Archive for January, 2009

PostgreSQL And SELECT DISTINCT On Large Tables

Thursday, January 22nd, 2009

I’ve been noticing lately that PostgreSQL’s SELECT DISTINCT operation seems to be un-optimized for large tables. Take a look:

# EXPLAIN ANALYZE SELECT DISTINCT mycol FROM mytable;
QUERY PLAN
------------------------
 Unique (time=3393.085..3615.420 rows=20799 loops=1)
 ->  Sort  (time=3393.082..3514.374 rows=204494 loops=1)
       Sort Key: mycol
       ->  Seq Scan (time=9.455..289.479 rows=204494)
 Total runtime: 3626.724 ms
(5 rows)

Now compare DISTINCT to GROUP BY:

# EXPLAIN ANALYZE SELECT mycol FROM mytable GROUP BY mycol;
QUERY PLAN
------------------------
 HashAggregate (time=415.129..427.497 rows=20799)
   ->  Seq Scan (time=8.127..269.190 rows=204494)
 Total runtime: 433.836 ms
(3 rows)

That’s quite an improvement. 3626.724 ms compared to 433.836 ms. Even with ordering, GROUP BY is still faster:

# EXPLAIN ANALYZE SELECT mycol FROM mytable GROUP BY mycol
ORDER BY mycol;
QUERY PLAN
------------------------
 Sort  (time=642.126..654.545 rows=20799 loops=1)
   Sort Key: mycol
   ->  HashAggregate  (time=408.922..423.040 rows=20799)
         ->  Seq Scan (time=7.519..263.577 rows=204494)
 Total runtime: 661.537 ms
(5 rows)

The main problem seems to be that PostgreSQL is choosing a bad query plan.

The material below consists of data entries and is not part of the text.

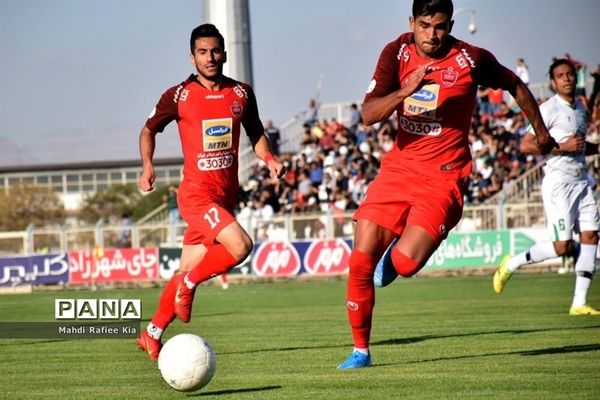 دیدار تیم‌های فوتبال ماشین سازی تبریز و پرسپولیس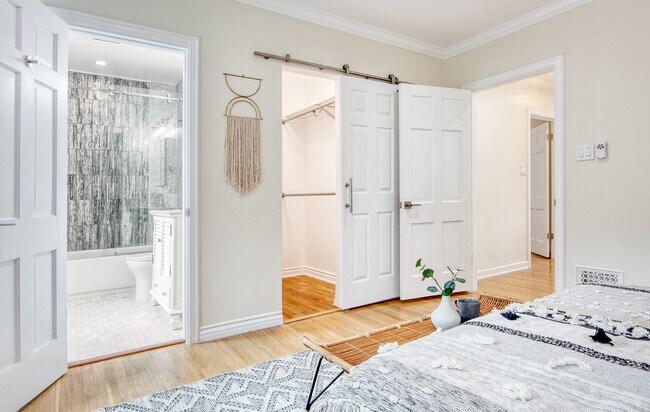 Building Photo - 422 Smithwood Dr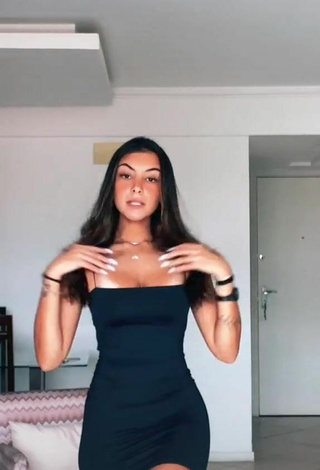 Sexy Gabriela Moura enseña escote con Vestido Negro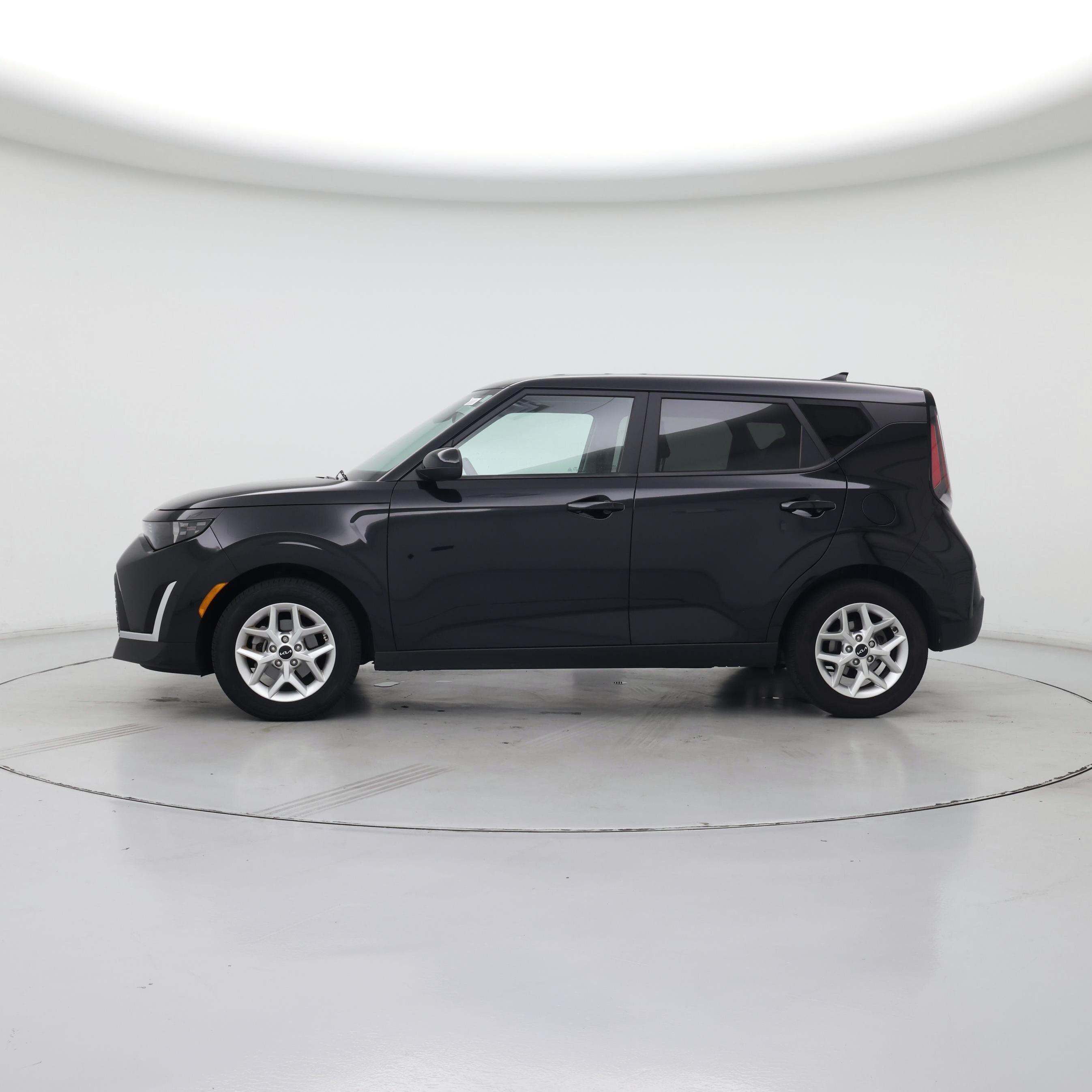Thumbnail: 2023 Kia Soul - 3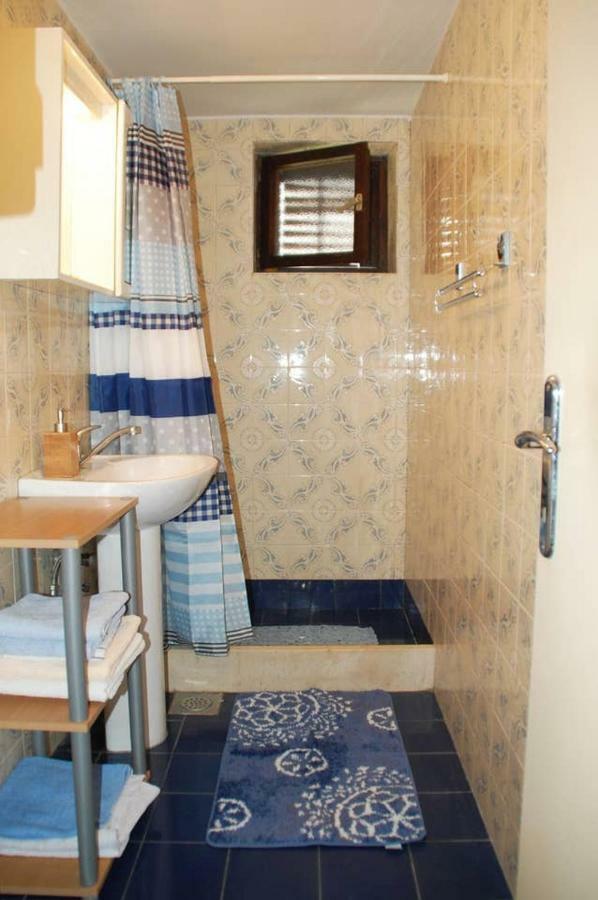 Studio Apartman Ziganto Ičići Buitenkant foto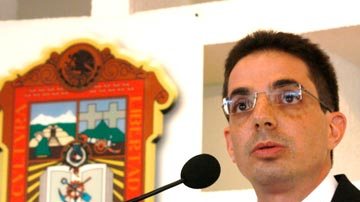 Fue procurador del Estado de México, cuando Enrique Peña Nieto era gobernador.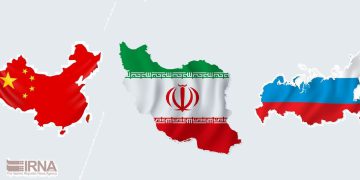 بلۆمبێرگ: چین، ڕووسیا و ئێران لە دژی ئەمریکا دەبنە هاوپەیمان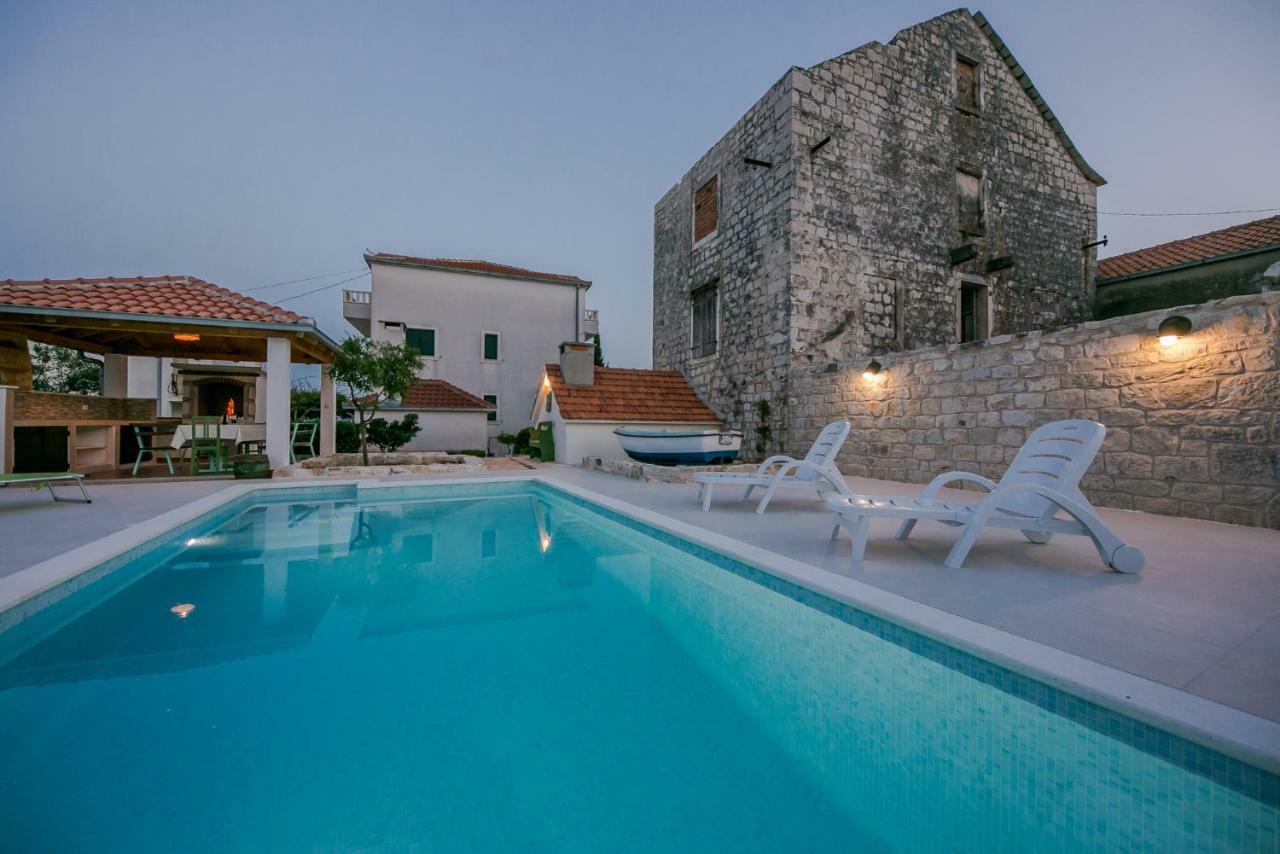 Seaside Villa Mia Трогир Экстерьер фото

Lets try forcing PostgreSQL to use an index scan on SELECT DISTINCT:

# SET enable_seqscan = off;
SET
# EXPLAIN ANALYZE SELECT DISTINCT mycol FROM mytable;
QUERY PLAN
------------------------
Unique (actual time=0.013..361.917 rows=20799 loops=1)
   ->  Index Scan (actual time=0.012..266.856 rows=204494)
 Total runtime: 368.296 ms
(3 rows)

# SET enable_seqscan = on;
SET

Wow! Big improvement. Lets see how that compares to GROUP BY with sequential scans turned off:

# SET enable_seqscan = off;
SET
# EXPLAIN ANALYZE SELECT mycol FROM mytable GROUP BY mycol
ORDER BY mycol;
QUERY PLAN
------------------------
 Group (actual time=0.014..362.013 rows=20799)
   ->  Index Scan (actual time=0.011..267.001 rows=204494)
 Total runtime: 368.201 ms
(3 rows)

# SET enable_seqscan = on;
SET

So, at this point, the two queries are comparable. Tweaking the configuration sometimes causes PostgreSQL to choose a bad plan on other queries, so it seems like if PostgreSQL is choosing a bad plan for a query like this, you can simply turn sequential scans off for it.